ぼくはアートでなにやら社会問題を表現する、という話には非常に懐疑的だ。でも、アートや芸術作品の魅力の一つが、それが何か自分の状態――それは社会との関係も含む――をうまく表現してくれることにある、というのは否定できない。それは必ずしも特定の社会問題とは直結していない。ただ、ある社会環境の中におかれた自分の状態とは結びついている。ムンク『叫び』に人気があるのは(これを等号で結んでいいかどうかは議論のわかれるところだけれど、この場合その人気は同時にそれが持つ芸術的価値とも同じものだ)、それが何か特定の社会問題と結びついているからじゃない。

うーん、今ひとつ浅いかな。
確かに、現代のコンセプチュアル・アートは生理的な強度というよりは意味的な強度を重視していて、それを味わうためには「文脈」を認識している必要があります。つまり、それなりの「教養」が必要になってきます。
ですから、いつかリリカ氏、id:sujaku氏らと議論したように、例えば村上隆の作品は西洋の文脈の中では強度を持ちえますが、日本では持ちえません。それはそれでいいのです。芸術に関しては、別に西洋の尺度が普遍性を持つわけではありませんし、またそれを否定する必要もありません。
ただ、何故コンセプチュアル・アートが隆盛したのかについてはもう少し考えたほうがいいのではないでしょうか。
クラシックの世界を覗くとよく分かると思いますが、それはある技法内での「人間の生得的な認知や知覚に沿った」強度が飽和してきたからです。最も効率的に生理的快感を生み出す方法は数に限りがあるということです。そして人間には慣れ、飽きがあり、「差異」を生むのはどんどん困難になっていきます。
ですから、古ぼけた認知的知見に基づいたアートを出してきても、つまらないのは当然。
それを打開した(ように見えた)のが、「意味」です。芸術家は、「意味」によって生理的強度を生み出せることに気がついたというわけです。実際には「文学」というのがその最たるものとしてもともとあったわけで、真の発見ではないのですが。
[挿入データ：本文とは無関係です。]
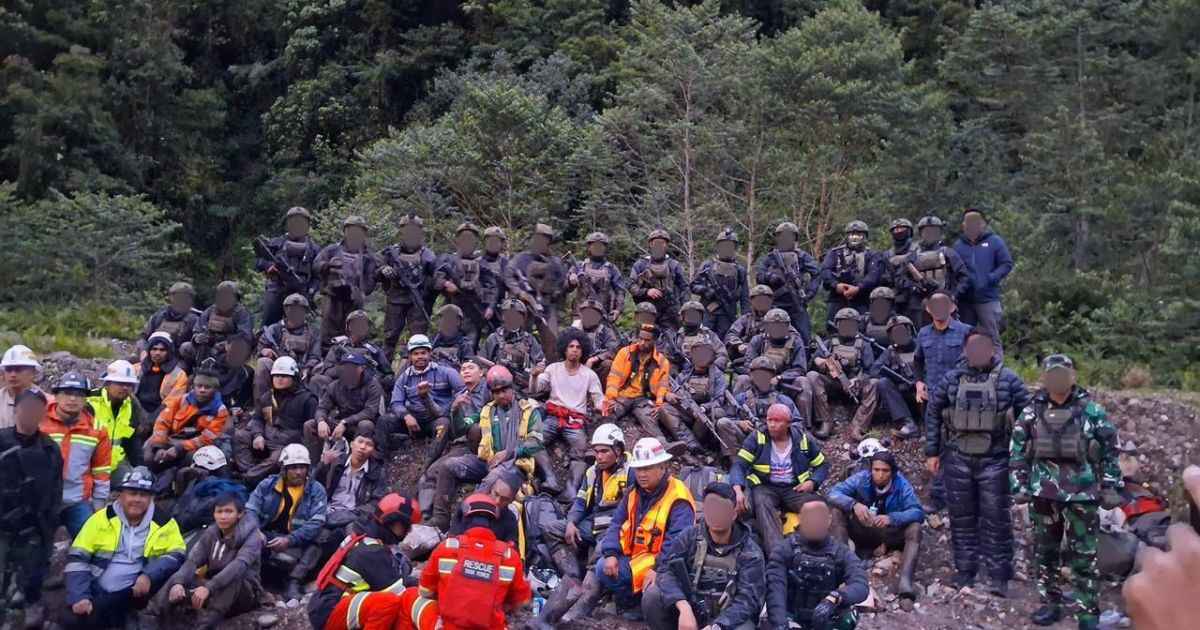 Profesional dan Terukur, TNI Selamatkan Pekerja Freeport dari Ancaman OPM di Papua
先日のエントリーで、文化が遺伝子発現を左右するhttp://d.hatena.ne.jp/sivad/20050315、というものがありましたが、人間は「意味」によっても「快楽」の遺伝子発現状態を生み出せるのです。
ですから、脳科学認知科学が快感回路を探すのは面白いとは思いますが、それが「意味」によるものなのか、生得的なものなのか、の区別は非常に難しいものになるでしょうし、研究者の「センス」によって解釈が全く異なる事態になりそうです。
で、それからしばらくは「意味」を消費しまくる時代が続きました。単純な生理的快感パターンに、様々な「意味」を乗せて差異を生み出す。それがハリウッドであり、ポップスであり、現代アートであったわけです。
そして今、「意味」さえも消費しつくしたからこそ、それは行き詰まりを迎えつつあるのです。
じゃあこれからはどうすればいいのか?
今現在は、使い古した意味と生理的強度を順列組み合わせ(これもポストモダン?)的に使って、なんとか循環させようとしている状態だと思います。
僕が考えるのは、次は受ける側が変化する必要がある、ということですね。これはまた次の機会に。